Epoch Times: Dans votre livre L’extinction de l’homme. Le projet fou des antispécistes, vous explorez les théories et les courants de l’antispécisme. Qu’est-ce qui vous a poussé à vous intéresser à ce thème et à en informer le grand public ?

Monsieur Paul Sugy : Parmi les motifs de préoccupation qu’offre notre époque, une tendance de fond se distingue : ce réflexe psychologique qui consiste à se méfier de toutes les distinctions qui fondent l’identité. Négation des repères sexués, remise en cause de la légitimité des frontières et des nations, droit d’inventaire exercé dans la culture et dans l’histoire… La sensibilité contemporaine au bien-être animal paraît d’abord ne pas relever de cette vaste entreprise de déconstruction (ce serait une simple prise de conscience empathique de la souffrance que ressentent les animaux), mais un examen minutieux des thèses qui sous-tendent le courant en faveur de la « libération animale » montre que si.
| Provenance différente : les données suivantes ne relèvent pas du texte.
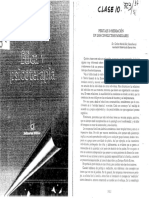 Diaz Usandivaras - Peritaje o Mediacion en Los Conflictos Familiares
L’antispécisme – la théorie qui entend remettre en question l’idée d’une dignité supérieure de l’homme par rapport aux autres espèces – applique la logique de déconstruction aux espèces. Il n’y a plus l’animal d’un côté, l’homme de l’autre, et entre les deux une frontière intangible qui fait de l’humanité un ensemble de personnes dépositaires d’un destin commun. L’antispécisme ne distingue plus l’humain de l’animal : il y aurait les animaux humains et les animaux non-humains. Entre eux, seulement des différences de degré (l’homme est plus intelligent, plus responsable…) mais aucune différence de nature. Et les animaux seraient des personnes. On ne mesure pas encore les conséquences révolutionnaires de cette théorie, qui pourrait faire voler en éclat les grands principes qui sont au socle de notre modèle politique. À l’aune de la cause animale, les « droits de l’homme » n’ont par exemple plus guère de sens… Et on ne mesure pas non plus sa force d’attraction : au rythme où vont les choses, et vu le faible nombre de sentinelles qui s’avancent pour prendre la défense de l’homme, la bataille semble mal engagée. C’est pour cette raison que j’ai voulu y prendre ma part.

Certains Français ont une vision positive de la protection animale, du végétarisme ou du véganisme, et ils peuvent faire l’amalgame avec les antispécistes. Pourquoi est-ce important d’expliquer la différence entre le respect animal, la protection de l’environnement et les théories antispécistes ?

Le souhait légitime de protéger les animaux et de mieux garantir leur bien-être, en particulier dans les activités humaines qui les impliquent (animaux de compagnie, animaux d’élevage…) est un progrès de la civilisation humaine. Les premières sociétés de protection des animaux sont nées au XIXe siècle. En France, la loi Grammont qui pénalise la cruauté envers les animaux date de 1850… La protection animale n’est donc pas une lubie contemporaine mais une aspiration ancienne des sociétés à consolider notre amitié avec les animaux par des règles, des marques de respect et d’attentions. C’est reconnaître que nous sommes responsables d’eux.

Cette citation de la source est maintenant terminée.